History teaches us that technology is constantly in a state of flux. Some of the mistaken beliefs that we regarded as gospel 20 years ago weren’t foolish – they simply fit with what we knew at the time. Our flexible pushrods worked fine because we didn’t have the stiff valve springs that are available today. They helped to suppress some of the nastier valvetrain dynamics that harsh cam profiles produced. They were cheap, readily available, and offered plenty of clearance for port walls. Consequently it was obvious that lightweight pushrods made a race car run faster.

I’m sure that many of the facts about racing engines that we ardently believe today will eventually be proven to be as wrong-headed as the notion that the world was flat. The people who are willing to question conventional wisdom often become the innovators who expand the performance envelope. After all, if drag racers had believed the pundits who proclaimed that the maximum achievable speed in a quarter-mile was 160 mph, we wouldn’t have 330 mph Top Fuel dragsters and 208 mph Pro Stocks. If engine builders had subscribed to the rule that an engine couldn’t survive with an average piston speed over 4000 feet per second, we wouldn’t have 500 cubic inch engines that are capable of running at nearly 10,000 rpm.

The past is a mirror that reflects the future – if you want to move forward, you often need to look where you’ve been. Ten years ago, if you had asked me where we would find gains in engine performance, I’d probably have answered that we’d just about reached the end of the road in development. And yet in the last decade, engine builders have made tremendous strides in performance, efficiency and reliability.

Using Pro Stock as an example, the national speed record has climbed from 199 to 208 mph in 10 years. Given that Pro Stock engines are among the most refined powerplants in racing, a nine-mph increase is an incredible achievement. Neither the rules nor the basic hardware has changed, so that improvement is the result of hundreds of small, incremental steps.

Consider the advances in valvetrain technology, which is just one area of development. The valve springs that were the hot setup a decade ago wouldn’t survive a minute with today’s high-lift camshaft profiles. Similarly, we couldn’t lift the valves an inch off their seats without the high-tech springs that are now available. It’s a continuous, self-propelled cycle: Better springs enable more aggressive cams, which in turn spur the development of better springs . . .

Technology is the fuel that drives development.

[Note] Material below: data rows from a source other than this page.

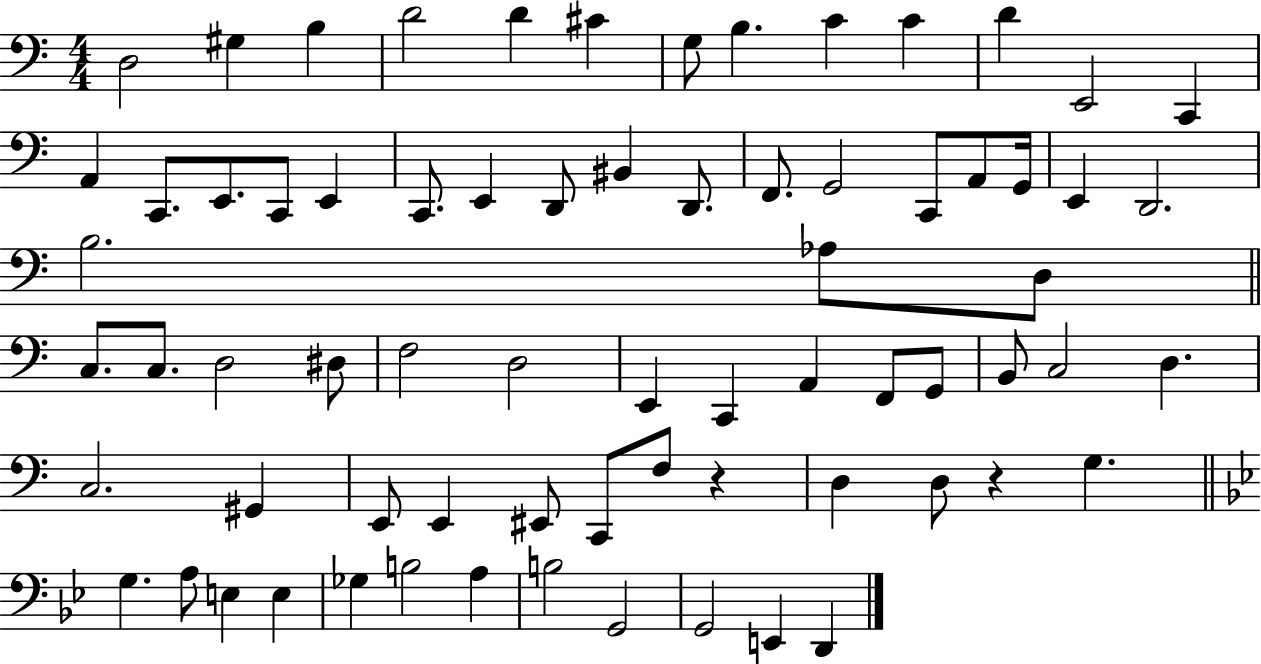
X:1
T:Untitled
M:4/4
L:1/4
K:C
D,2 ^G, B, D2 D ^C G,/2 B, C C D E,,2 C,, A,, C,,/2 E,,/2 C,,/2 E,, C,,/2 E,, D,,/2 ^B,, D,,/2 F,,/2 G,,2 C,,/2 A,,/2 G,,/4 E,, D,,2 B,2 _A,/2 D,/2 C,/2 C,/2 D,2 ^D,/2 F,2 D,2 E,, C,, A,, F,,/2 G,,/2 B,,/2 C,2 D, C,2 ^G,, E,,/2 E,, ^E,,/2 C,,/2 F,/2 z D, D,/2 z G, G, A,/2 E, E, _G, B,2 A, B,2 G,,2 G,,2 E,, D,,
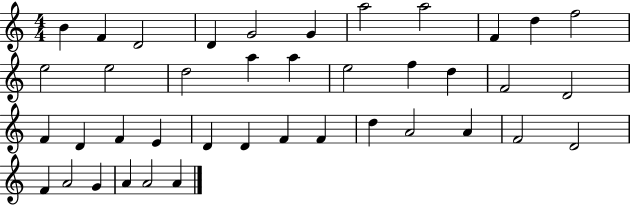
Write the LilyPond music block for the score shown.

{
  \clef treble
  \numericTimeSignature
  \time 4/4
  \key c \major
  b'4 f'4 d'2 | d'4 g'2 g'4 | a''2 a''2 | f'4 d''4 f''2 | \break e''2 e''2 | d''2 a''4 a''4 | e''2 f''4 d''4 | f'2 d'2 | \break f'4 d'4 f'4 e'4 | d'4 d'4 f'4 f'4 | d''4 a'2 a'4 | f'2 d'2 | \break f'4 a'2 g'4 | a'4 a'2 a'4 | \bar "|."
}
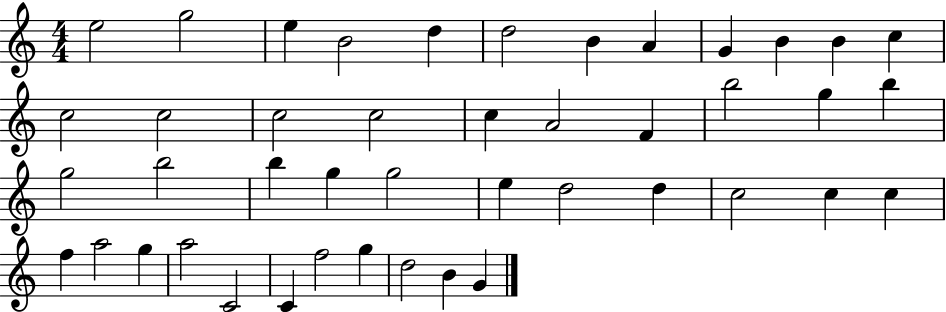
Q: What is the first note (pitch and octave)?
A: E5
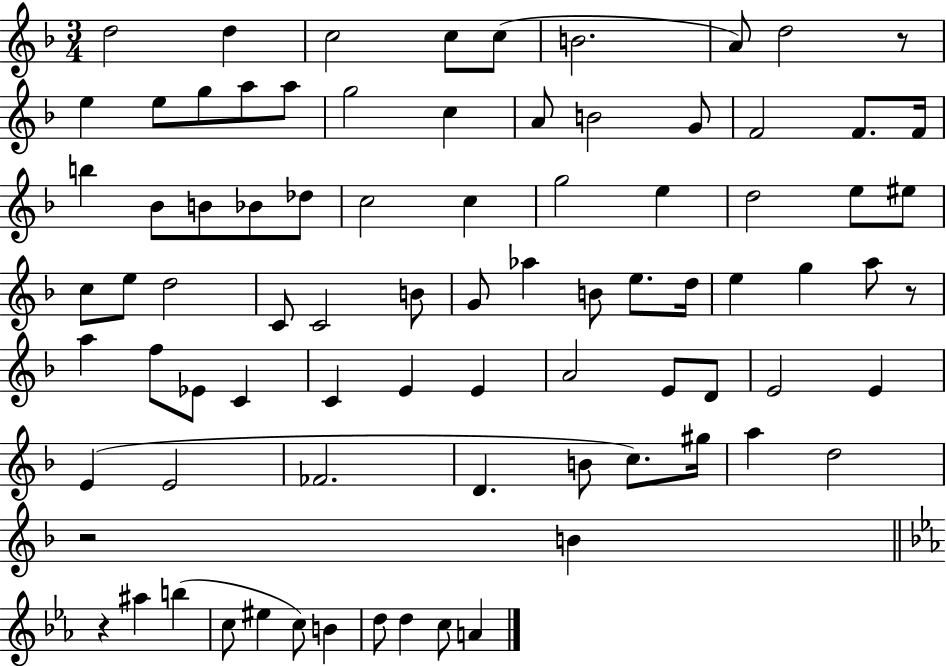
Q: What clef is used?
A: treble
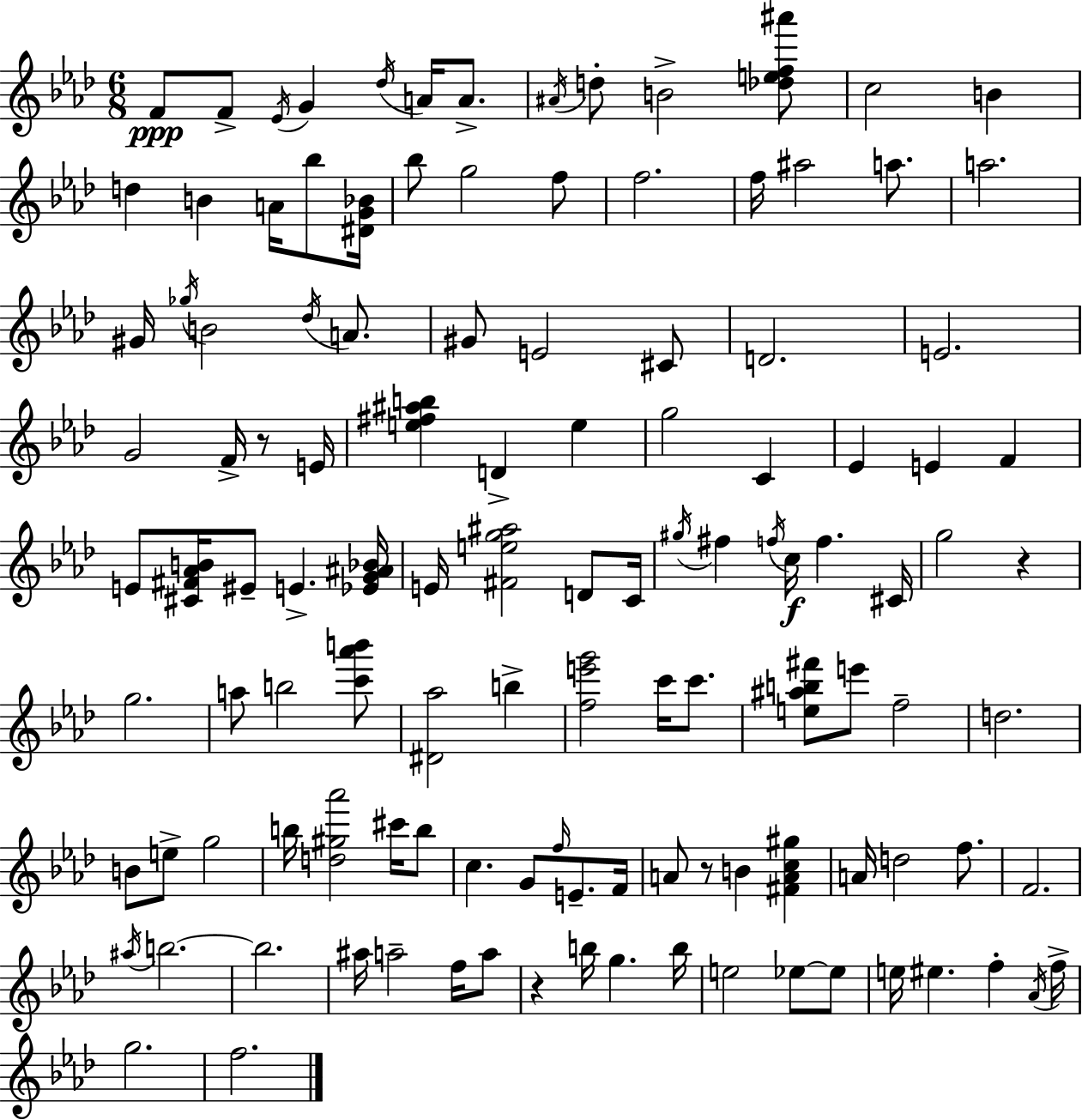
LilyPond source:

The advent of coatings such as DLC (diamond-like carbon) and Casidium has permitted engine builders to do things that were once thought to be impossible. The wear resistance of these coatings has allowed valve seat angles in high-end cylinder heads to become steeper without sticking the valves and reduced wrist pin galling with ultra-efficient dry-sump and crankcase vacuum systems.

What’s the next step in engine development? I wish I could tell you. But I’m certain that 10 years from now, we’ll look back at the state of the art in 2006 and ask, “What were we thinking?”